Bishop Magee also deliberately misled another inquiry and his own advisers by offering one account of a meeting with a priest suspect to the Vatican and keeping another for diocesan files.

Reading the long report, it is clear that Bishop Magee appeared to barely pay lip service to civic authority in Ireland while prostrating himself to his superiors in the Vatican. The Irish hierarchy assured the government and its congregation that its new guidelines would safeguard Irish children.

But the Vatican decided the Irish church's much-trumpeted guidelines were nothing more than a study document -- yet everyone was shocked by the latest scandal in Cloyne.

One of the most depressing elements of yesterday's chronicle of church-assisted child abuse in Cork was that they occurred in the past decade.

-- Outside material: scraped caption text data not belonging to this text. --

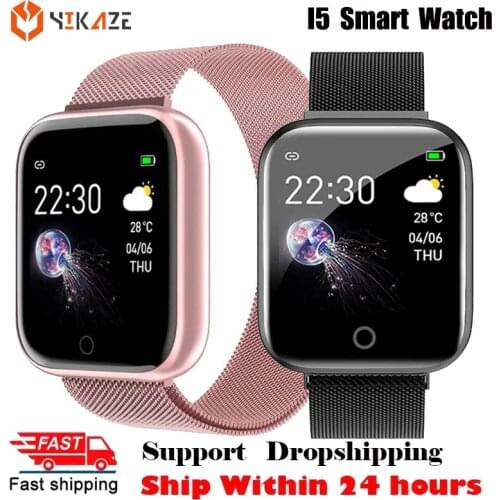 Bluetooth Smart Watch Sport Waterproof Heart Rate Blood Pressure Monitor Men Women Kids Smartwatch For Android IOS PK IWO P8 I5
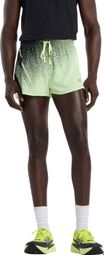 New Balance RC Ultra Light Printed 3in Yellow Split Shorts voor heren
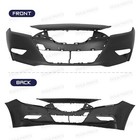 For 2016-2018 Nissan Maxima Bumper Cover Bracket Grille Fog Light Radiator Cover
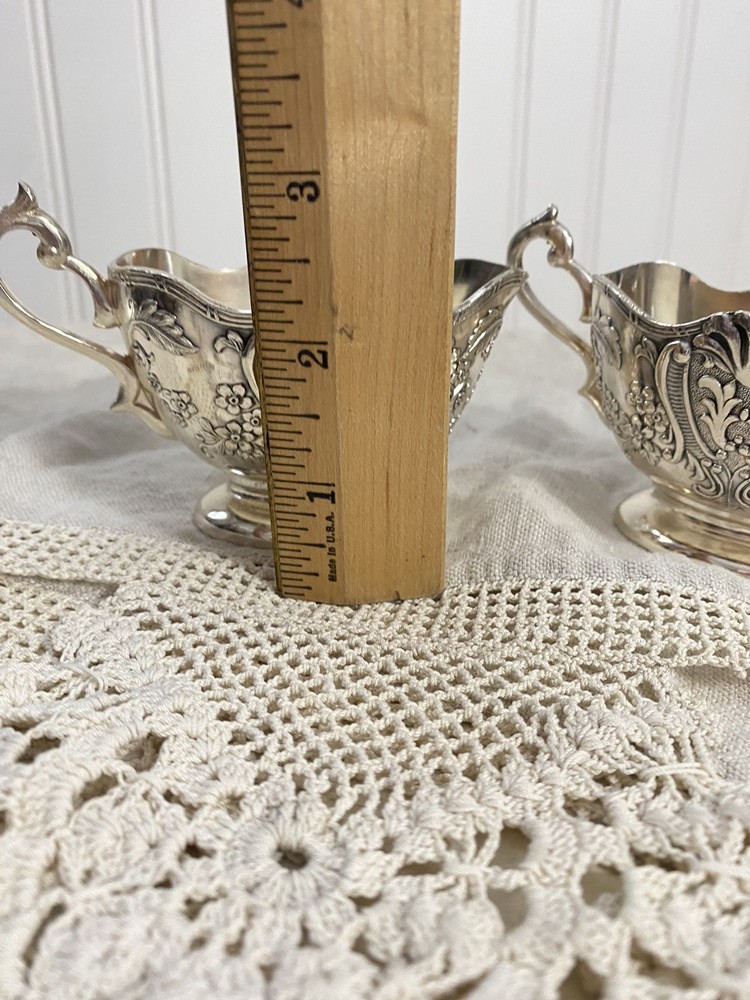 Silver Plated Cream And Sugar- Vintage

The Justice Minister and the Children's Minister came out with action plans as soon as the report was published yesterday.

The previous government made similar noises after the Ferns Report in 2005 and the report from the Dublin diocese in 2009.

Catholic leaders appear shocked and trot out well-honed apologies and give assurances that sound like those given after the other scandals over the past generation.

After a long incubation, Pope Benedict wrote a letter blaming "growing secularisation" in his apology for clerical sex abuse. He also appeared to relegate the civil and criminal law we all recognise to "its own area of competence" while elevating the supremacy of canon law.

Venerable old clerics like Bishop Magee who served their formative years in Rome were always going to put canon law above any man-made legislation from an elected parliament.

Yesterday's report said the Bishop of Cloyne "detached himself" from the management of child sex abuse cases until three years ago. His reputation is now in tatters and the damage he has wreaked on the church to which he dedicated his life will live on long after he has departed.